Between the line containing "Kraken Cola Halloween" and the line containing "image for item" lies a run of lines; give that run again exactly, with both of those lines, and nothing else from the entries below.

# DATASET
———
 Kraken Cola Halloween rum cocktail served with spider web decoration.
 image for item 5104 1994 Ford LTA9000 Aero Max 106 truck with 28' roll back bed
———
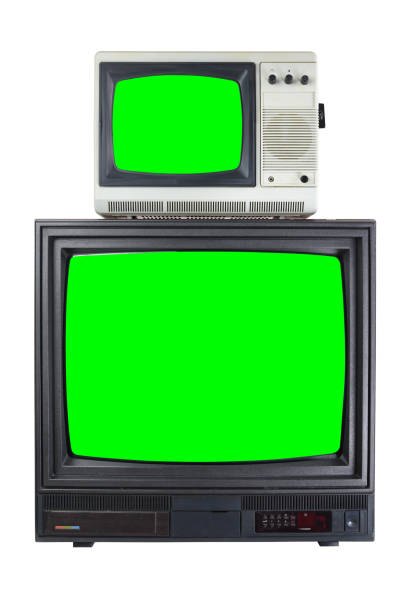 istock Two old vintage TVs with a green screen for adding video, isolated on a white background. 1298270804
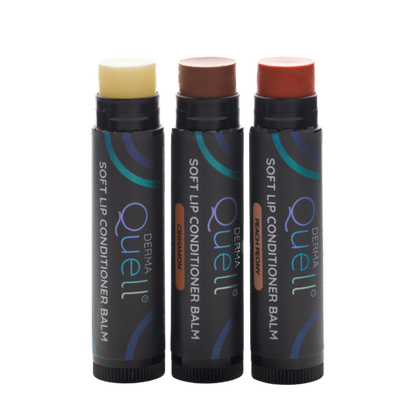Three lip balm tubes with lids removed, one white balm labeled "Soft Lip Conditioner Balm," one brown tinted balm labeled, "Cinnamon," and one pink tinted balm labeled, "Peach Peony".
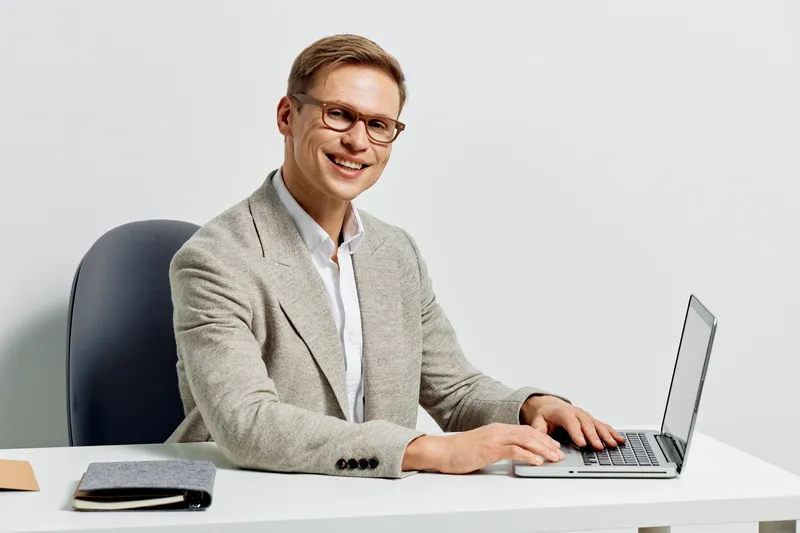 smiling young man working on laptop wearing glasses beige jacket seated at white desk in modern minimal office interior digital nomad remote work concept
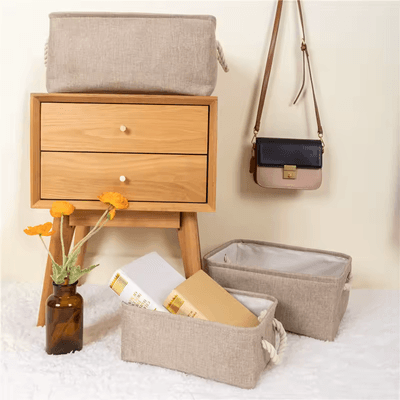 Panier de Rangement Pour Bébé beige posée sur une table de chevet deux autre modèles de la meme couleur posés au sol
———
# SOLUTION
 Kraken Cola Halloween rum cocktail served with spider web decoration.
 image for item 5104 1994 Ford LTA9000 Aero Max 106 truck with 28' roll back bed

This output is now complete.